Но я помню твердо и говорю со всей ответственностью – настроение было такое: советская власть наказала, но это наша власть, она не погубила, а дала возможность подняться на ноги. Думали, что советская власть в принципе ни при чем. Доносчик – вот кто виноват. Тот, кто оклеветал.
Вернулись из ссылки через пять лет. Дедушка пошел работать сторожем на завод. Он не умел работать плохо. Он и на должности сторожа стал ударником. И однажды он приехал на слет ударников в Ростов, где мы тогда жили. Были заседания, приветствия, награждения, и был торжественный обед в столовой. И можно было пригласить с собой гостей. Дедушка пригласил папу и меня.

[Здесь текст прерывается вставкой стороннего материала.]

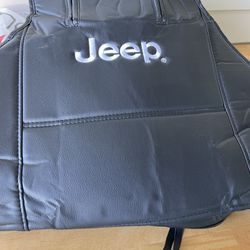 New cover for jeep seat 1 piece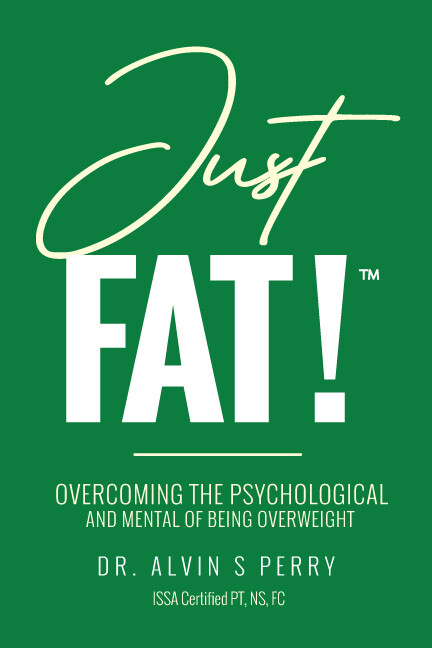 Just Fat - Hard Cover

Сколько мне было лет? Десять или одиннадцать. Помню, что шла с гордостью и с удовольствием. Так была рада, так интересно, так весело, а главное – что это чествуют дедушку-ударника.
А вскоре после этого дедушку в Азове арестовали. То есть он исчез, и все. Ушел на работу и не вернулся. Бабушка нам сообщает: дед арестован, я хожу по всем тюрьмам с передачами, но нигде передачи не принимают, отвечают, что такого нет, – что делать? Мама с папой тоже пошли искать с передачами, но отвечали одно и то же: не числится. А потом в одной из тюрем вдруг говорят: он умер, всё, не ходите больше.

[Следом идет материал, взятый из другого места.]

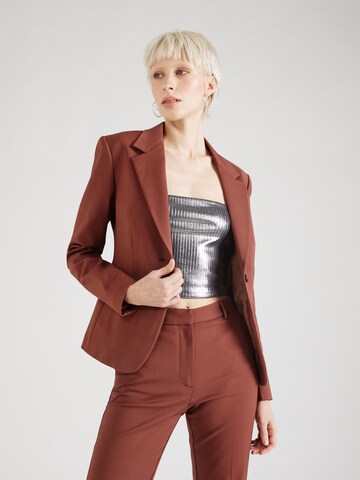 Tiger of Sweden Blazer 'MIRJA' in Brown: front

За что арестовали деда, никто не знает. Но ведь это был тридцать седьмой год, когда забирали всех высланных.
Только во время перестройки удалось узнать: дед был расстрелян».

...Скрывали, скрывали и скрывали. Но откуда я знала, что есть такие очень страшные слова: «донос» и «батрака не было»? Как это прорывалось? И ведь понимала, что об этом нельзя спрашивать. Я знала, что мой дедушка убит на фронте и об этом спрашивать можно. Но о мамином дедушке спрашивать было нельзя.
Сознательно, провокационно я привязалась к маме только один раз. Лет в десять. И вот с каким вопросом-рассуждением: «Владимир Ильич лежит в мавзолее как вождь пролетариата. Но он все-таки мертвый. А вот если бы так случилось – ну, не знаю – пожар, например, а там был бы маленький мальчик (девочку вредина не решилась, как видно, упомянуть). И надо было бы выбирать кого-то одного – мертвого Ленина или живого мальчика. Кого бы стали спасать?» Но мама твердо стояла на том, что ничего подобного быть не может.